Batch scoring wrapper
Here is datarobot_batch_scoring script wrapper for batch-scoring
tool that follows the same syntax except (-y
and -n
). It will always
pass (Yes) answer for all underlying batch-scoring questions.
Wrapper takes dataset, shuffles it's rows and does two runs through the batch-scoring tool. If there would be some prediction results divergencies between these two runs, it will alert and produce merged prediction result in a format:
ref_id | predicted_x | predicted_y | diff | |
---|---|---|---|---|
Where:
- ref_id
- is an original dataset row number (passed to the wrapper script, unshuffled)
- predicted_x
- prediction result from the first shuffled attempt
- predicted_y
- prediction result from the second shuffled attempt
- diff
- predicted_x - predicted_y
In case the were no differences between predictions out.csv
produced. You will
also see a message like "First and second pass predictions matched". Otherwise
predictions & differences are saved into diverged.csv
file.
Usage
Activate some empty virtualenv
Manually install batch-scoring tool if you want to work with specific version.

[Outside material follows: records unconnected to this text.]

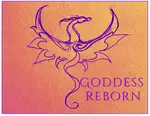 Goddess Reborn TVShow OrangeSketch logorough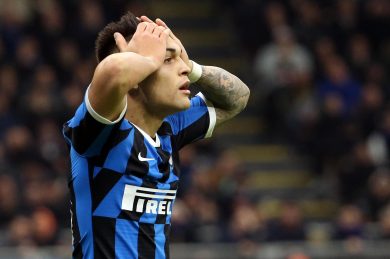 Inter, ora Lautaro Martinez è un caso (da risolvere)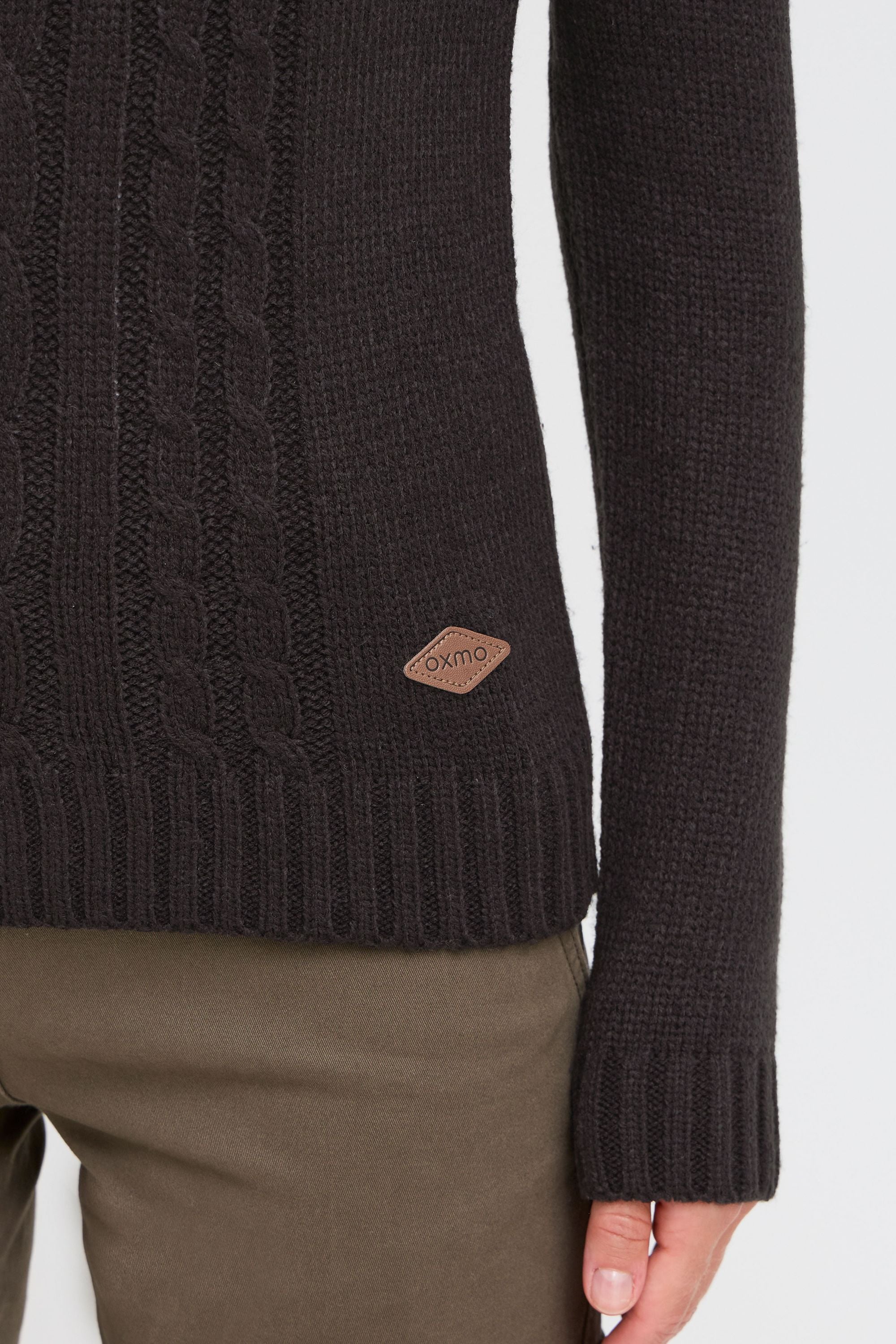 OXMO Rollkragenpullover »Rollkragenpullover OXCATHY«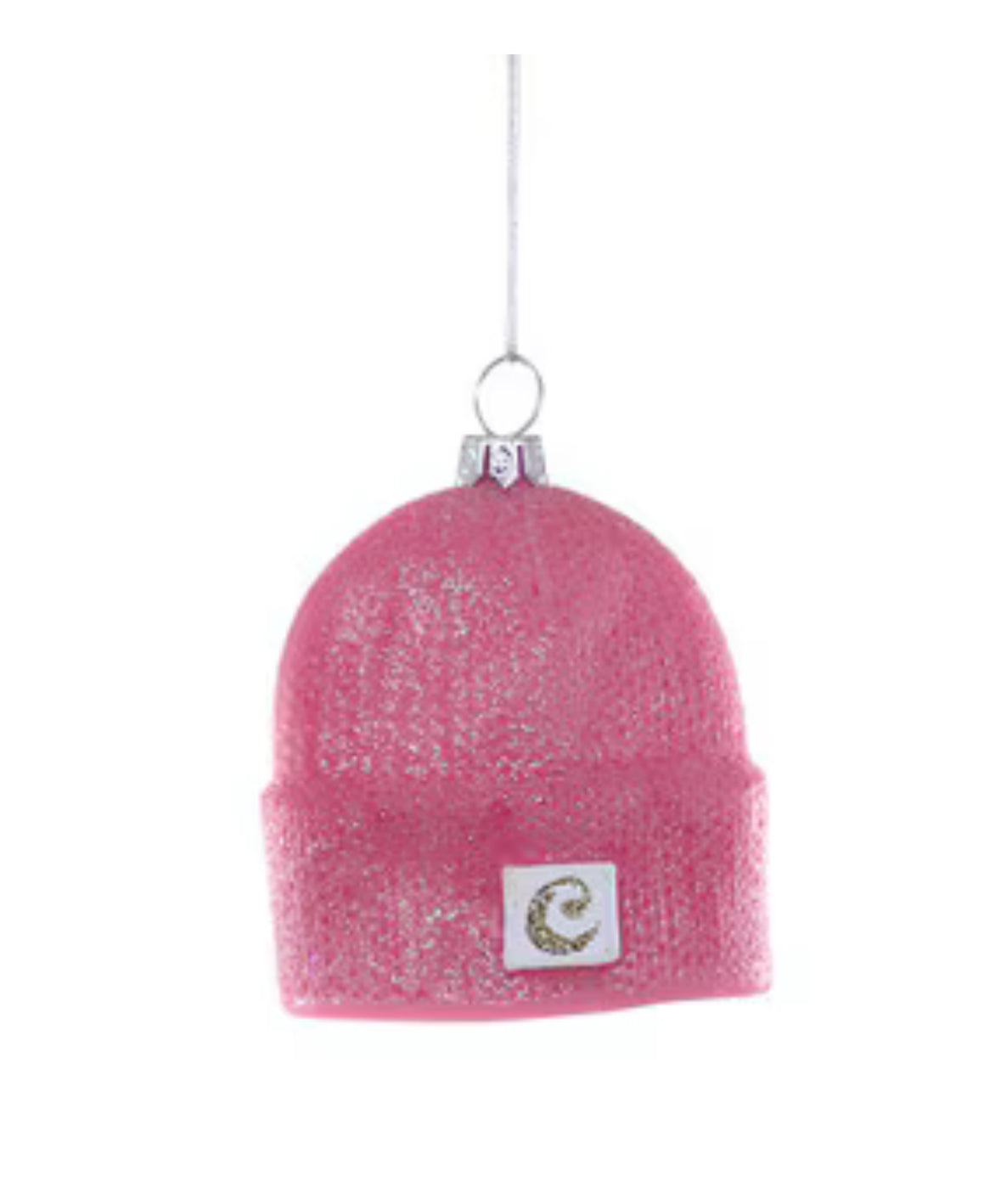 XM Pink Beanie Ornament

Otherwise latest version will be provided automatically
Run
pip install https://github.com/nimnull/batch_scoring_wrapper/archive/master.zip
. If everything went smooth you are ready to go now.Call:
wrap_scoring --user=someone@somewhere.com --api_token=token-token --host=http://localhost project_id model_id dataset_path
as you used to do with datarobot_batch_scoring